Le prime saranno più fortemente influenzate dal fattore prezzo che assumerà importanza sempre crescente, imponendo adeguati interventi a sostegno di una armonizzazione dei costi di produzione a livello europeo.
Per le seconde, notevoli possibilità di competizione si possono aprire o migliorare attraverso rinnovate politiche di differenziazione, valorizzazione, tutela e promozione, nonché di riorganizzazione economico-commerciale (concentrazione del prodotto, continuità degli approvvigionamenti, ecc.).
Puntando di più sulle produzioni di qualità potremo cercare di recuperare il tempo perduto nei confronti degli altri Paesi sul terreno della specializzazione.
In generale, comunque, alla ricerca di una maggiore competitività, sia per gli effetti di riduzione dei costi di produzione attuabili con adeguate economie di scala, sia per quelli a livello di rapporti interprofessionali di filiera, è necessario puntare su una più efficiente e generalizzata Organizzazione Economica dei produttori.
Questo obiettivo è perseguibile migliorando e rinnovando forme già sperimentate, quali le Associazioni dei Produttori, le Cooperative o i Consorzi, nonché definendo nuovi assetti societari o di compartecipazione dei produttori agricoli anche per avventurarsi in fasi successive come la trasformazione e la commercializzazione.
Possiamo azzardarci a prevedere alcuni vantaggi dell’Euro a medio-lungo termine nell’abbattimento delle frontiere economiche e psicologiche agli investimenti legate ai rischi di cambio, nella maggiore trasparenza di mercato e facilità di confronto tra prezzi, tassazione ed efficienza dei singoli Paesi.

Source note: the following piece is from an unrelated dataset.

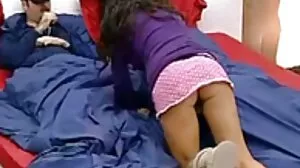 ස්ටෙප්ඩෑඩ්ට නටාලි නයිට්ස්ගේ චමත්කාරයට විරුද්ධ විය නොහැක, ඇය ඔහුව පොළඹවයි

Per le imprese, se si creeranno condizioni di reale stabilità e di ulteriore riduzione dei tassi d’interesse, nonché più ampi accessi ai mercati finanziari e dei servizi internazionali, miglioreranno le condizioni di operatività sui mercati europei, si faciliteranno le transazioni e si semplificheranno le procedure per l’export e l’import.
Quindi, come già detto parlando dei prevedibili svantaggi, opportunamente attrezzate le imprese agricole italiane saranno sicuramente in grado di affrontare la sfida dell’Euro.
Per questo la Coldiretti, oltre a rivedere la propria struttura organizzativa adeguandola ai nuovi contesti operativi e a favorire il processo di organizzazione economica dei produttori, ha definito e proposto alle competenti istituzioni, attraverso i tavoli di concertazione costituiti a livello nazionale e regionale, un vero e proprio progetto di sviluppo per l’agricoltura nazionale, in grado di aumentare la competitività delle imprese, fondato sulla innovazione, la valorizzazione qualitativa delle produzioni, l’integrazione di filiera, l’armonizzazione dei costi di produzione a livello europeo e la sostenibilità ambientale.